Streaming through millions of records trying to match an encrypted field : Java

Dawki 2021

A year ago I was working on a really tiny part of a large non-consumer facing product (idk what's the correct term). I can't divulge much, I have done a lot of illegal things like calling a politician an idiot on social media, so I don't want to add more to the list.

Imagine you ran an ice cream subscription service, and you had a lot of people on the payroll tasked with managing renewals for subscribers. Let's call them agents. You had an online portal for customers to manage/renew their subscriptions but a large percentage of renewals came through the agents receiving payments offline. The agents notified a team who maintained all renewals in an csv sheet. This team used to upload the sheet of all renewals to a service on which the service was supposed to mark the corresponding subscriptions as renewed in the database. The only catch was one of the fields in the csv which was used to match the record in the database was encrypted. The encryption used had some custom logic and I was the one tasked to figure this out. I couldn't encrypt the value in the csv and do a direct match in the database since most of the values were embedded with hyphens or slashes.
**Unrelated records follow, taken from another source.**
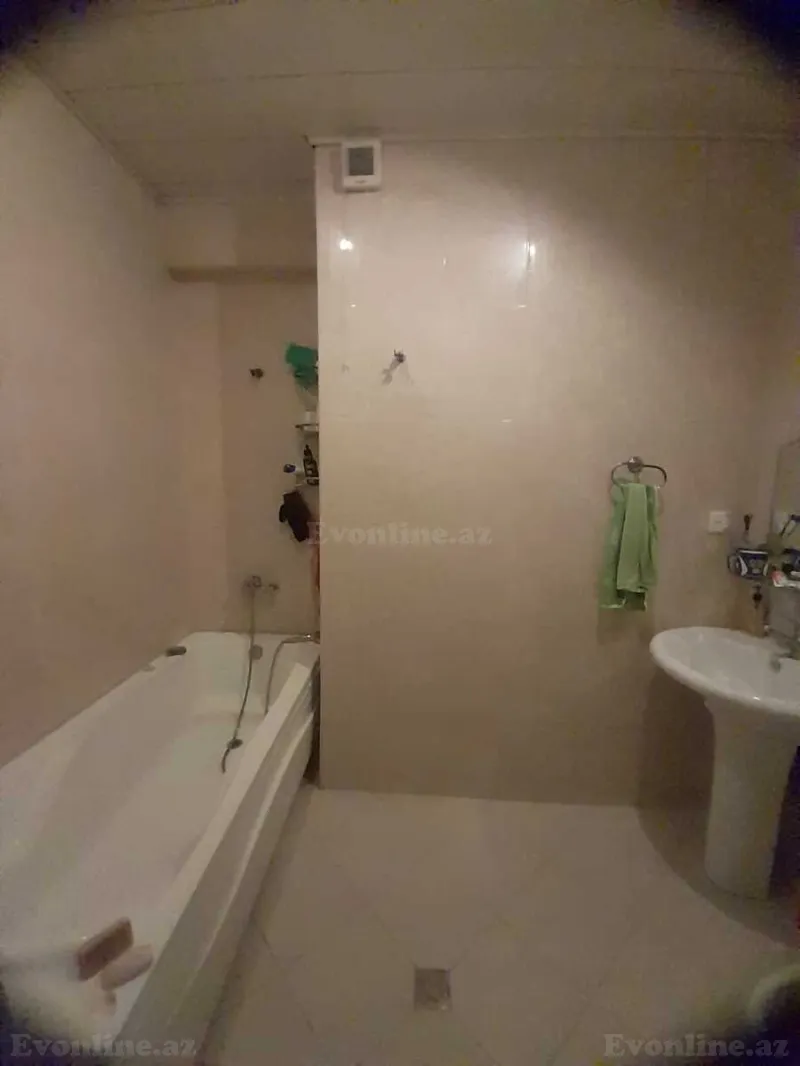 Satılır 3 otaqlı Mənzil Yeni tikili 127 m² 8-ci kilometr - şəkil 11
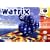 Wetrix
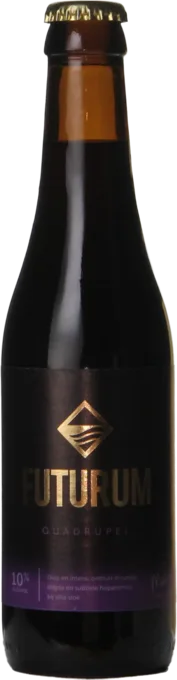 De Toekomst Quadrupel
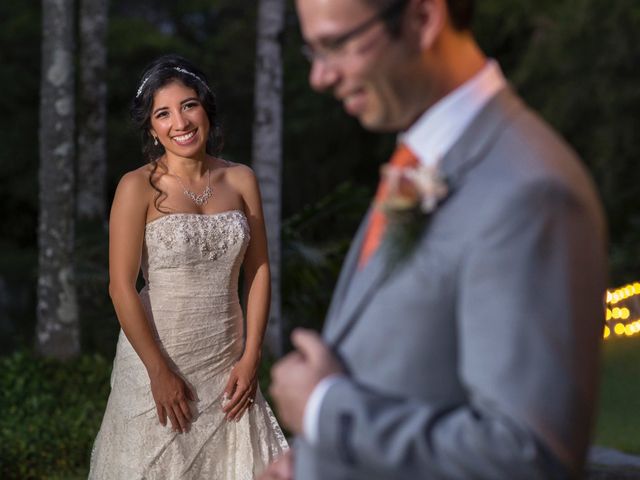 El matrimonio de Camilo y Maria Fernanda en Medellín, Antioquia 21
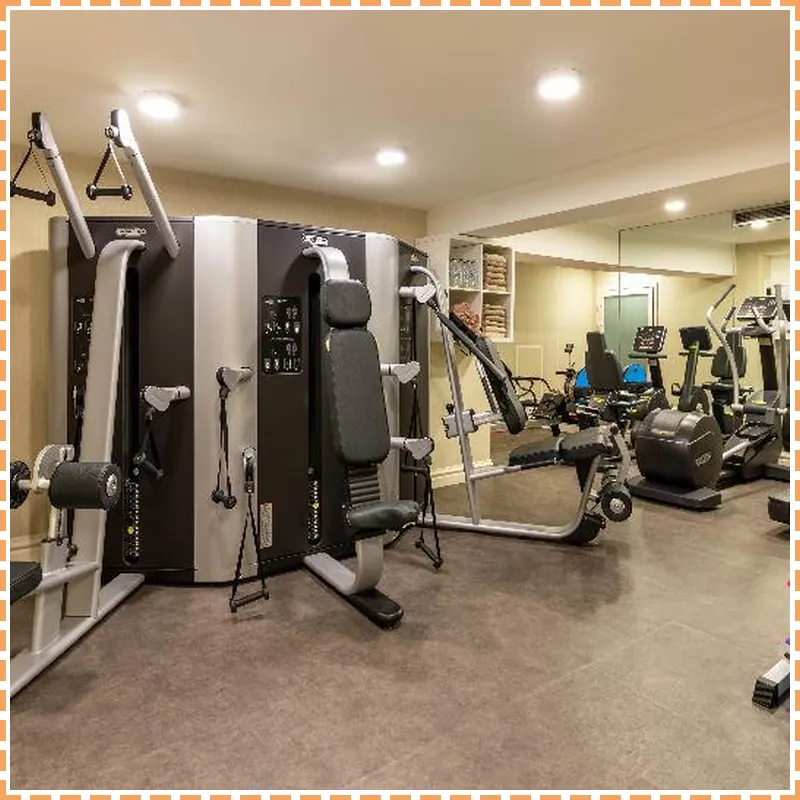 Romance Istanbul Hotel hotel facilities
The following is an example of the encrypted field having two possible representations but are to be considered equal.

Value in file: 1212-1212/1121     Encrypted Value: 21asdasda121!sadasd
Value in database: 12121-2121121  Encrypted Value: fageerufa53221!masd

approach #1

I went with a caveman approach, loading all the rows in the database to memory, iterating through all of them, decrypting the field, removing all non-essential characters and then doing a comparison. I don't think I need to elaborate what happened when I pushed this to production.

approach #2

I modified the repository call to return a stream of IceCreams. This approach was far less strenuous  but it still took a fair while to iterate and match all possible subscriptions in the csv.

Stream<IceCream> iceCreamStream = iceCreamRepository.findByEncryptedFieldNotNull();
  
iceCreamStream.forEach(iceCream -> {
    // do some processing
    entityManager.detach(iceCream);
});

approach #3

I fetched all the rows from db in a paginated manner, set the decrypted field as a key to the hashmap which was stripped of all special characters, with the value being the id of that particular subscription. I then iterated through all the records of the csv, and used the encrypted field value (decrypted in the csv) to find a match in the hashmap. Added the value returned for every match to a list whose corresponding records in the database would be later updated in a bulk operation.

Pageable pageRequest = PageRequest.of(0, 20000);
Page<IceCream> iceCreamPage = iceCreamRepository.findByEncryptedFieldNotNull(localDateTime, pageRequest);

while (!iceCreamPage.isEmpty()) {
    pageRequest = pageRequest.next();

    List<IceCream> iceCreams = iceCreamPage.getContent();

    for (int i = 0; i < iceCreams.size() - 1; i++) {
        map.put(iceCreams.get(i).getEncryptedFieldName(), iceCreams.get(i).getIceCreamPublicId());
    }

    iceCreamPage = iceCreamRepository.findByEncryptedFieldNotNull(localDateTime, pageRequest);
}


for (int i = 0; i < agentIceCreamRenewals.size() - 1; i++) {
    var agentIceCreamRenewal = agentIceCreamRenewals.get(i);
    var decryptedField = agentIceCreamRenewal.getEncryptedField().replaceAll("[-\\/\\\\]", "");

    if (map.containsKey(decryptedField)) {
        // this is a match
    }
}

The first two approaches took around couple of hours for the job to finish (the service was written using Spring Batch). The third approach was way faster taking less than a minute. I think it was better having a hashmap with key and value both possessing String values than have a million entities in memory.

I am not sure if this was the most the efficient way I could solve this. But at the time, it was something that got the job done, so yeah.